Glad you’re here Beth. Hang in there. It gets better and you know the drill by now so I won’t bore you with platitudes. Just glad to see you post. Massive hug
Day 210
Haven’t posted much lately because I’m limiting my time on here, all social media and news outlets. If I don’t, the anxiety kicks in and I go to a bad mental place. It’s really awesome to see so many of you still standing strong. Congratulations @Fargesia_murielae on 8 mths! And @Joy I think you’ve hit 9 mths so well done you!! @SoberWalker I know you are still working in a place where you are potentially exposed daily and I truly hope you stay healthy!! There’s so many more who are fighting the good fight and I applaud you all. If you’re new to sobriety or starting over please fight for yourself!! Sober is better and as the days stack up it really does get easier. My AA home group has been holding our regularly scheduled meetings via Zoom and I’ve loved attending. I’ve done more meetings there than I’ve done in real life. If you need a meeting, PM me and I will give you our info to join us! I’ve been mostly working from home but today have to go into the office. So I’m a little uneasy about that but trusting I’ll be ok. Big hugs to everyone!
I am with Joy on this one. My memory is a mess, because I am “mature” or drugs or drinking for so long, who can say. It is a little scrambly upstairs for sure.
What a wonderful milestone 8 months is! You are such a thoughtful giving member of this community. I enjoy your posts and find helpful bits in so many of them.

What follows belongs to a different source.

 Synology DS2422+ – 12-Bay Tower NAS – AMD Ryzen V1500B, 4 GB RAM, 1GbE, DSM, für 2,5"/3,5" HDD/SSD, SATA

Thank you for sharing your journey here. And huge big congratulations on your very hard work!!!
How lovely!! Azaleas are so festive!! A very nice treat when you are feeling low. Hope it made you smile.
Greetings dear friends,
I’ve been away a while but always grateful you’re here. I’m still on the road 5 days a week thankfully, delivering salt blocks for people with water softener installed in their homes. It’s unreal the silence around the place!
Wonderful news that I got a great long email from (25yr old) youngest daughter I was estranged from for 3 years after family breakdown.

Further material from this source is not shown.